TASK DETAILS:
Omit any pictures, and restate word for word only the lines from the one with "二手阿斯顿·马丁 V8 Vantage" through the end of the data below.

DATA SEGMENT:
::::

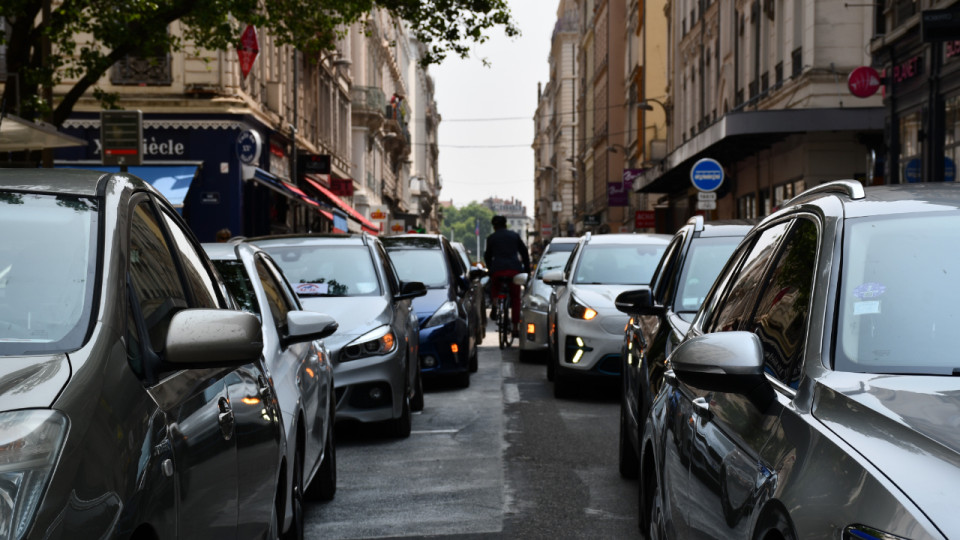 ZTL, conditions de travail : les chauffeurs VTC en colère bloquent la rue Grenette à Lyon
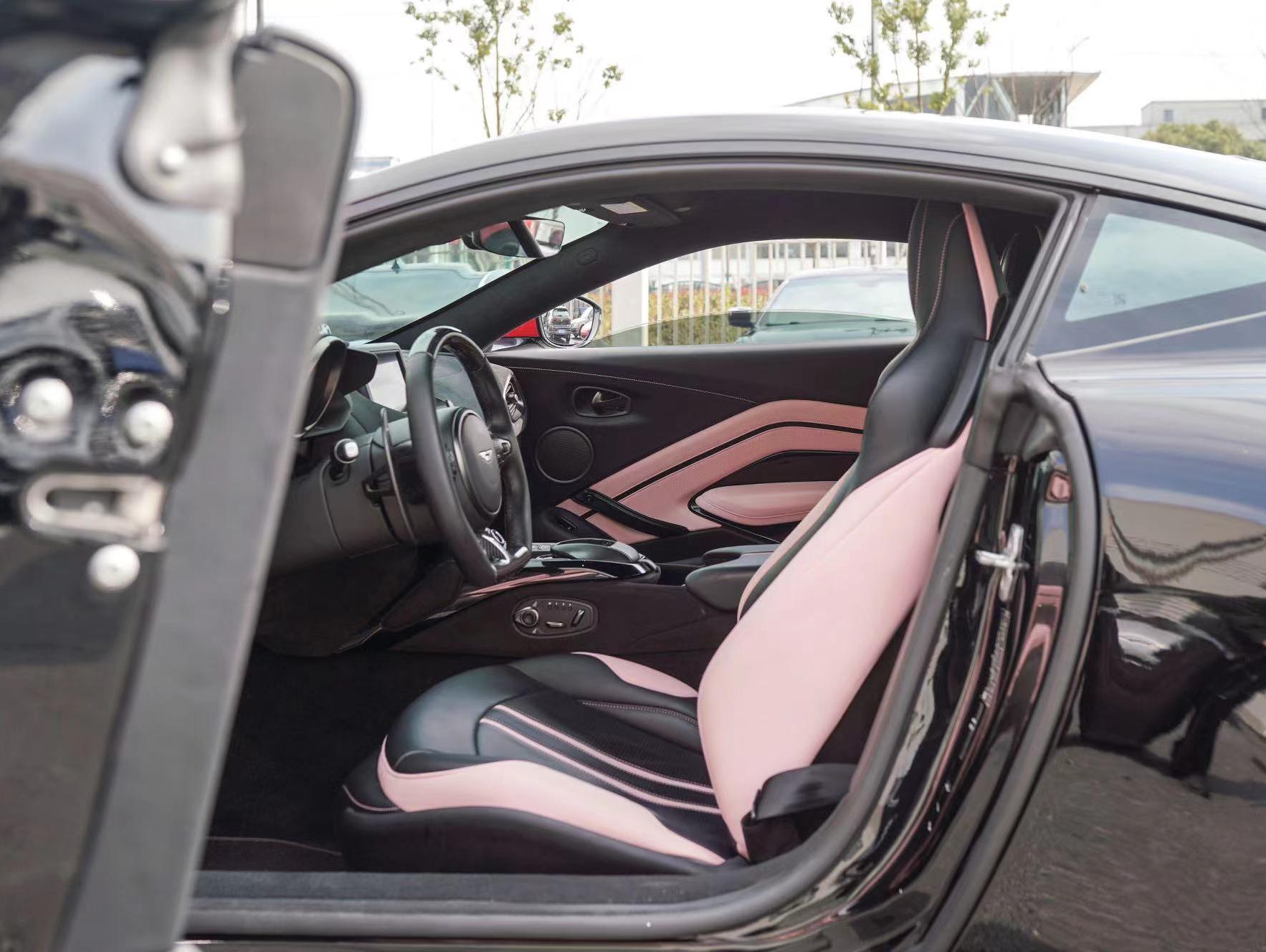 二手阿斯顿·马丁 V8 Vantage 黑色/黑色 2018款 4.0T V8 Coupe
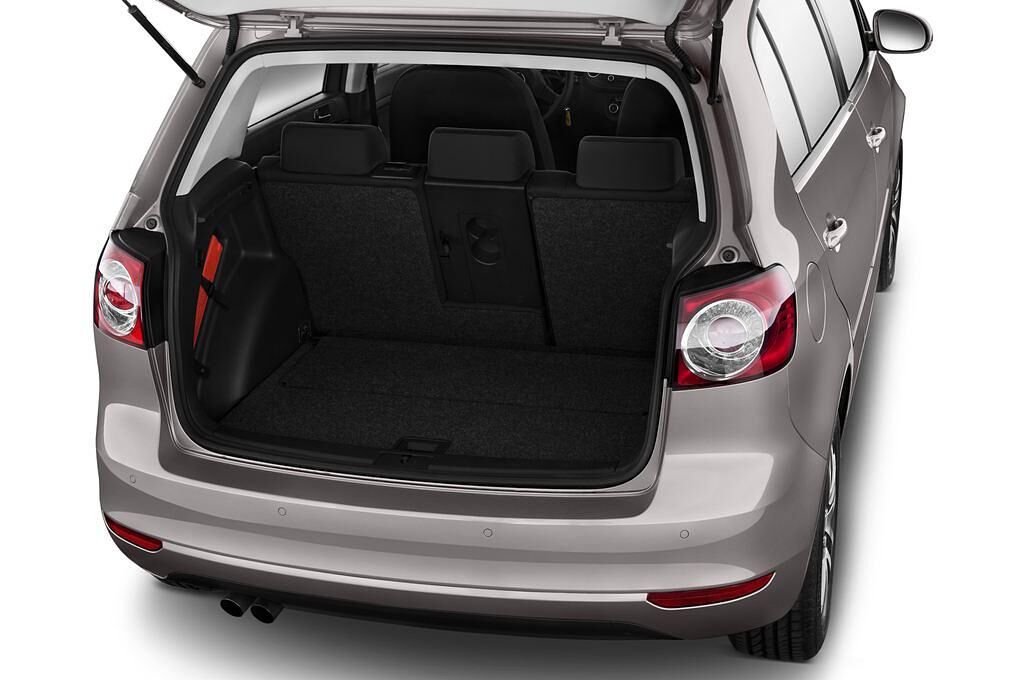 Volkswagen Golf Plus (Baujahr 2012) Trendline 5 Türen Kofferraum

::::

WRITTEN SOLUTION:
 二手阿斯顿·马丁 V8 Vantage 黑色/黑色 2018款 4.0T V8 Coupe
 Volkswagen Golf Plus (Baujahr 2012) Trendline 5 Türen Kofferraum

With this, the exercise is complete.